Presiden Prancis, Emmanuel Macron, secara resmi menunjuk Sebastien Lecornu, seorang tokoh yang loyal padanya, sebagai perdana menteri baru. Keputusan ini mengejutkan banyak pihak yang mengharapkan Macron akan memilih tokoh dari kubu kiri untuk meredakan tensi politik di parlemen.
Lecornu, yang berusia 39 tahun dan sebelumnya menjabat sebagai menteri pertahanan, telah menjadi pendukung setia Macron sejak tahun 2017. Penunjukannya mengindikasikan niat Macron untuk melanjutkan agenda reformasi bisnisnya, meskipun parlemen terpecah dan ketidakpuasan publik meningkat.
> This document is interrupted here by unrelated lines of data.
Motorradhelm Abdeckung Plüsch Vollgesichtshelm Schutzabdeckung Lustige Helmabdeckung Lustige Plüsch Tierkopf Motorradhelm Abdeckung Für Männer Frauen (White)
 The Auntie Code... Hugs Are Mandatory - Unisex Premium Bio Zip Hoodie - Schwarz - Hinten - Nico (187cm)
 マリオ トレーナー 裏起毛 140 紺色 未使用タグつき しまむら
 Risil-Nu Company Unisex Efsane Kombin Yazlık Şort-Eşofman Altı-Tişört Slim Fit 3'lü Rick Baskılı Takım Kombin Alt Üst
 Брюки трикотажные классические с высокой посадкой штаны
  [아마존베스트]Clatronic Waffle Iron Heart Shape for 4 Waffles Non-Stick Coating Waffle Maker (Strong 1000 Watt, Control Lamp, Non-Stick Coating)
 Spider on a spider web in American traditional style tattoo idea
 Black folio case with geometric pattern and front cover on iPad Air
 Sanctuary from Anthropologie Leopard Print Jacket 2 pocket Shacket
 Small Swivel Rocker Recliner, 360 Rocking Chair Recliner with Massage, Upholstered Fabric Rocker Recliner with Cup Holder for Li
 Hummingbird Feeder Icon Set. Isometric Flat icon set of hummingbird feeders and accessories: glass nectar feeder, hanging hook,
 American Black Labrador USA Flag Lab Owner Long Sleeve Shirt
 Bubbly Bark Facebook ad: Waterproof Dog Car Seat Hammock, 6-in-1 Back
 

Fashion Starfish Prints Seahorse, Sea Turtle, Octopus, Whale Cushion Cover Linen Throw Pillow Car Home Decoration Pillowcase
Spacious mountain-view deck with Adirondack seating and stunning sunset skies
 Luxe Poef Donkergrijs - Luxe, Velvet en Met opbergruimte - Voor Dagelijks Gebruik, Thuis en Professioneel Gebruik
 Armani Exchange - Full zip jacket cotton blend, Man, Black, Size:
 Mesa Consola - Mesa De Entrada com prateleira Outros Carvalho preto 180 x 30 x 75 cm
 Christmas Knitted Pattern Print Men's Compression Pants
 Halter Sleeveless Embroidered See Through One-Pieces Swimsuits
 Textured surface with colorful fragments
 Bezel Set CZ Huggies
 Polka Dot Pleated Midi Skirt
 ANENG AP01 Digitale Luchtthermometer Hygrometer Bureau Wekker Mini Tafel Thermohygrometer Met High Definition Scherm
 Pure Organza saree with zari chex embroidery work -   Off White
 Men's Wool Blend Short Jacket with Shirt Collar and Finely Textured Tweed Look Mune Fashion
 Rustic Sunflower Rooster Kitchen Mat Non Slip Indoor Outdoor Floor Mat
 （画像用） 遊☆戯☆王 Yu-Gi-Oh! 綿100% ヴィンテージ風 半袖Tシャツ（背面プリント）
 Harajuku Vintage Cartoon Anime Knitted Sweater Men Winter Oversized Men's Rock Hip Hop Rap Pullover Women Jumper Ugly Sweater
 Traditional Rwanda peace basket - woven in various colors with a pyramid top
Lecornu menyatakan melalui media sosial bahwa ia ditugaskan untuk membentuk pemerintahan yang berfokus pada kedaulatan, melayani rakyat Prancis, dan menjaga stabilitas politik.
Namun, keputusan Macron ini menuai kritikan tajam dari oposisi sayap kiri. Partai France Unbowed bahkan mengancam akan mengajukan mosi tidak percaya terhadap pemerintahan baru. Meskipun demikian, peluang keberhasilan mosi tersebut terbilang kecil, mengingat pemimpin sayap kanan National Rally (RN), Jordan Bardella, mengisyaratkan kemungkinan kerja sama terbatas.
Bardella menyatakan akan mengevaluasi perdana menteri baru berdasarkan kebijakan anggaran yang diajukan.
Prioritas utama Lecornu adalah mencapai konsensus terkait anggaran 2026. Tugas ini akan menjadi ujian berat, setelah perdana menteri sebelumnya digulingkan parlemen karena mendorong pemotongan anggaran yang drastis untuk mengatasi defisit yang membengkak, hampir dua kali lipat dari batas yang ditetapkan Uni Eropa.
Keputusan Macron untuk menunjuk seorang loyalis juga berisiko dianggap mengabaikan keresahan publik. Beberapa kelompok sayap kiri menyerukan aksi protes nasional untuk menolak pengangkatan Lecornu.
Dengan situasi politik yang semakin genting, posisi Macron dinilai semakin tertekan. Jika ia gagal membangun kompromi lintas partai, pemerintahan minoritasnya terancam rapuh di tengah utang yang membengkak dan kepercayaan publik yang terus menurun.